God, who created the universe ex nihilo, from nothing, knows both the position and momentum of all sub-atomic particles. He knows immediately all there is to possibly know about every subatomic particle in the universe at any point in time of the age of the universe. The Heisenberg Uncertainty Principle does not apply to our Creator God.

Not only does He immediately know all there is to know about each sub-atomic particle in each discreet moment over the age of the universe, He also knows all contingencies about all of His creation. He knows that if He had created the universe such that if any one factor was different, He knows immediately all that can be know about any alternative universe of any number of altered factors.

God is not contingent, is not dependent, upon the universe. The universe is contingent, is dependent, upon Him. Indeed, it is in Christ Jesus, who spoke the worlds into existence from nothing, through whom all things hold together. In reflecting on creation, I affirm the following:

The true God is not a false pagan god of polytheism or henotheism, gods of idolatry who are only reflections and projections in large of flawed and limited humanity.

The true God is not the false god of pantheism where god is all and all is god. At it’s essence, this theology deifies mankind, hardly an object, given our nature and history, of worship. We need no further impetus for self-indulgence.

The true God is not the impotent, false god of panentheism, the dipolar god of process theology, wherein that which is material may be considered the ‘body’ of god and the non-material spirit of god is the ‘soul’ of the universe, as it were. The god of panentheism is not the immutable sovereign God of all creation.

Father God is not the false god of open theism, a deity not privy to or in complete control of future events though he, according to this errant theology, may forecast them with a measure of accuracy. Again, the true God is absolutely sovereign over creation. He knew all our thoughts before the beginning of time. There is nothing hidden from Him. Further, God is not a risk taker, as some open theists would affirm, for He is sovereign over creation. He is not a needy God. He is utterly and completely sufficient unto Himself. He is not a lonely God in a desperate search for someone to love Him. He is utterly fulfilled in His trinitarian nature. He simply loves us, His adopted children, His redeemed ones, because He loves us

Abba God is not the false impersonal God of deism. He is a personal, knowable God. He condescended to reveal Himself to humanity, to a world in rebellion, through the Bible and ultimately through the incarnation of Christ Jesus.

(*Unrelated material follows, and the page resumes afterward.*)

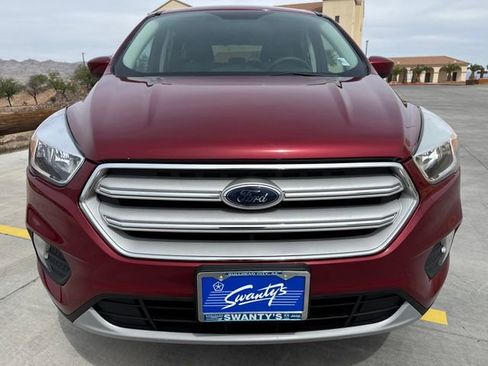 Used 2017 Ford Escape SE image 8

Anything less than the absolutely righteous, absolutely holy, absolutely just, omniscient, omnipresent, omnipotent, merciful, immutable, and personal triune sovereign God of the inspired, infallible, and authoritative canon of the Old and New Testament is less than worthy of worship, less than worthy of complete confidence and trust, less than worthy of adoration.

What follows is an excerpt from a post I authored a few weeks ago on the incarnation of Christ that seem to be an appropriate conclusion to this post:

  • As profound and foundational are the doctrines of the trinity and the physical resurrection of the Messiah, and absolutely in no means do I intend to diminish their import, it is the incarnation of our Savior that leaves me most breathtakingly at a loss for words. That Christ, fully almighty God, immutable and fully in transcendence over creation, Who spoke into existence, ex nihilo, the natural order, should step out of eternity and condescend to take on flesh, a sinless human nature, and, out of love, subject Himself to a fallen creation, leaves me wanting for words. Christ, God almighty, His incarnation realized by His conception and virgin birth to Mary, was obedient to Father God to the point of death on the cross to provide propitiation for sin and, after defeating death, will for eternity forward, walk with us as we behold His cross-scarred body. Here we find incomprehensible truths that followers of the Messiah will feast on for eons.

He offered up His Son as a perfect sacrifice for our sin so that through our repentance and faith in the redeeming work of sovereign grace in Christ’s death on the cross and physical resurrection, we have forgiveness and eternal life. How can we neglect so great a salvation.